(Short text fragments from websites)
========

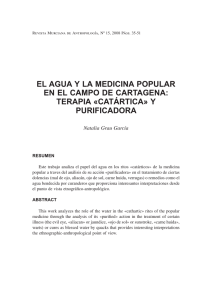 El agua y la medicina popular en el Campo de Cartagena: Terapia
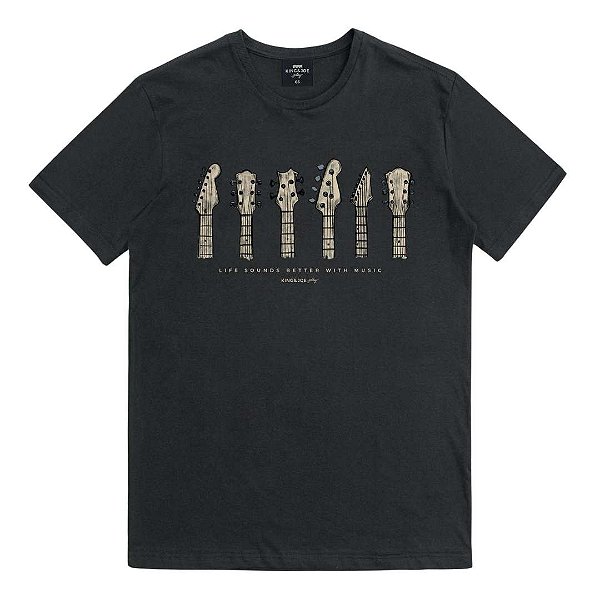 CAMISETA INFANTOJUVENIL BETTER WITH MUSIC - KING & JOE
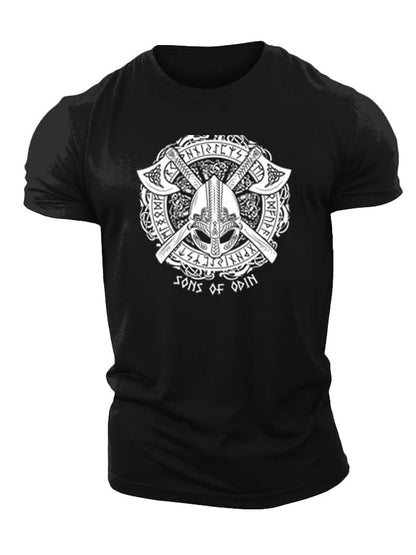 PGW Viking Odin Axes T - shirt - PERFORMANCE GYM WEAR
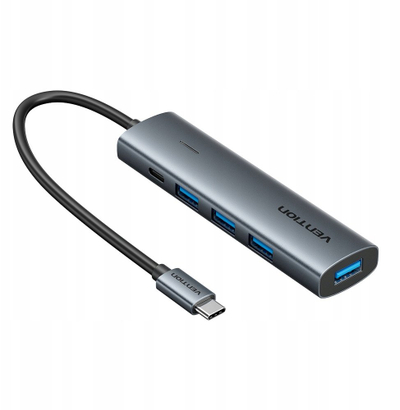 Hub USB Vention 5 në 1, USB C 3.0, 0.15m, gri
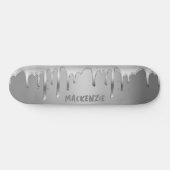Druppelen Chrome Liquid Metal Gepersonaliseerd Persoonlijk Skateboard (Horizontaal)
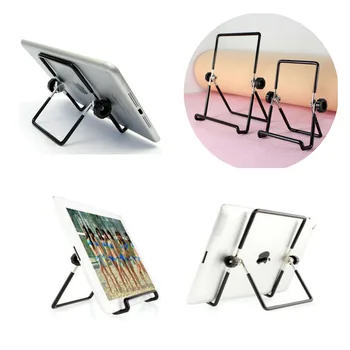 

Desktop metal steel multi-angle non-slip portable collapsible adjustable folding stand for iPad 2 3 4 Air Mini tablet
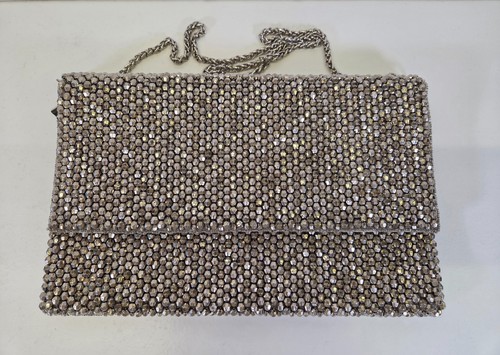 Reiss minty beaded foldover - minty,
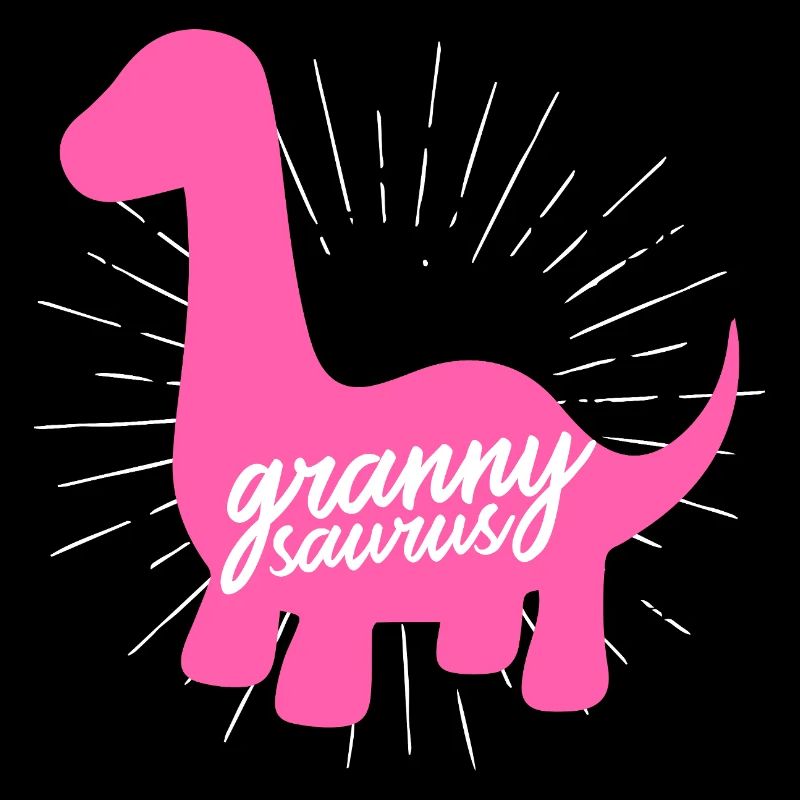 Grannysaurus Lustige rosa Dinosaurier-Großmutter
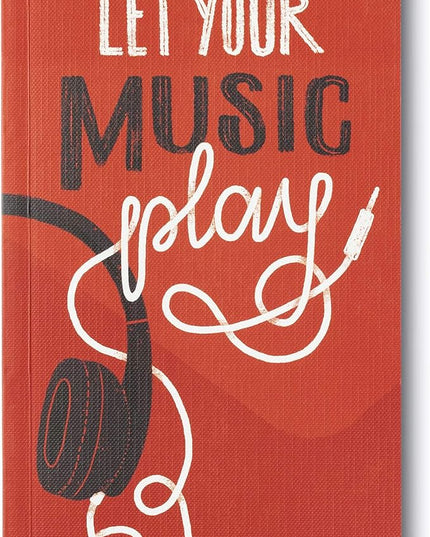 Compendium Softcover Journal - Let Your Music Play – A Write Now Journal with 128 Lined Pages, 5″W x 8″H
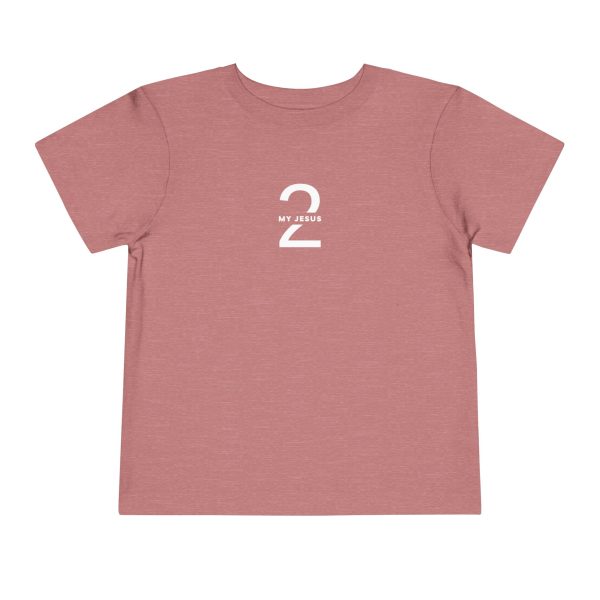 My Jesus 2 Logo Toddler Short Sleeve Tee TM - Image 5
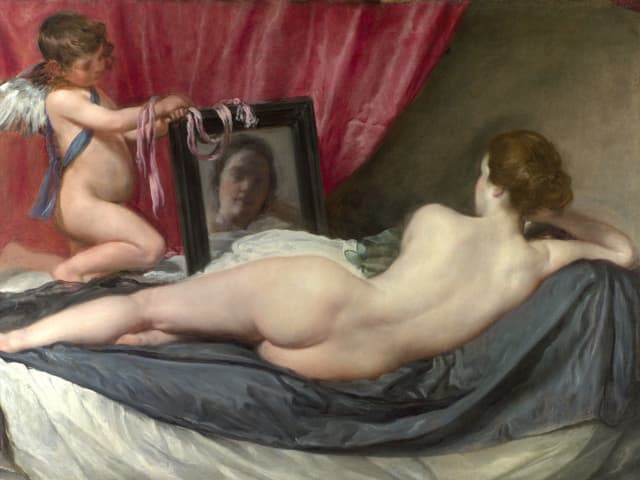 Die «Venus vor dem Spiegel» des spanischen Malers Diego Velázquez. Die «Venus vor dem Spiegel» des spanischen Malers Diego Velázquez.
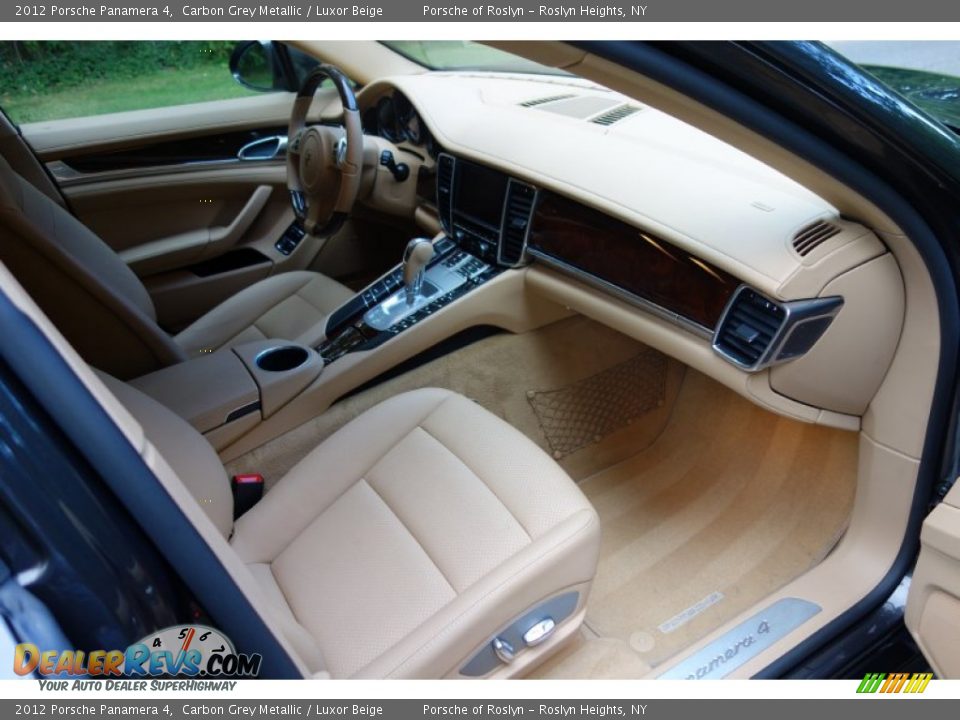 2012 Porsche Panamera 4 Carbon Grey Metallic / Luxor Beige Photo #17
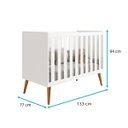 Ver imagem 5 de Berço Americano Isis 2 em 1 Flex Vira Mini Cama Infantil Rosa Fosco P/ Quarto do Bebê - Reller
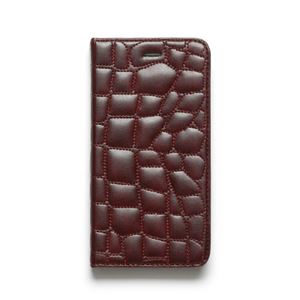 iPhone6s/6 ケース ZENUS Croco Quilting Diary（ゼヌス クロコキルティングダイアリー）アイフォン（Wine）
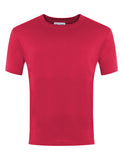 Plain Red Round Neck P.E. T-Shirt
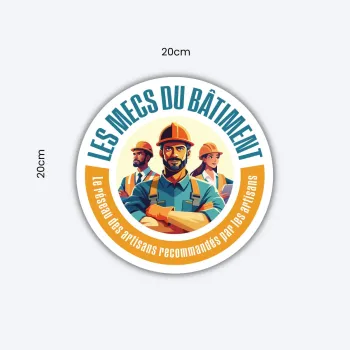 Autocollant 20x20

========

# The problem
Would you write out exactly the lines of the data from the one holding "Grannysaurus Lustige rosa" to the final line, both included, with pictures left out?

# Answer to this problem
 Grannysaurus Lustige rosa Dinosaurier-Großmutter
 Compendium Softcover Journal - Let Your Music Play – A Write Now Journal with 128 Lined Pages, 5″W x 8″H
 My Jesus 2 Logo Toddler Short Sleeve Tee TM - Image 5
 Die «Venus vor dem Spiegel» des spanischen Malers Diego Velázquez. Die «Venus vor dem Spiegel» des spanischen Malers Diego Velázquez.
 2012 Porsche Panamera 4 Carbon Grey Metallic / Luxor Beige Photo #17
 Ver imagem 5 de Berço Americano Isis 2 em 1 Flex Vira Mini Cama Infantil Rosa Fosco P/ Quarto do Bebê - Reller
 iPhone6s/6 ケース ZENUS Croco Quilting Diary（ゼヌス クロコキルティングダイアリー）アイフォン（Wine）
 Plain Red Round Neck P.E. T-Shirt
 Autocollant 20x20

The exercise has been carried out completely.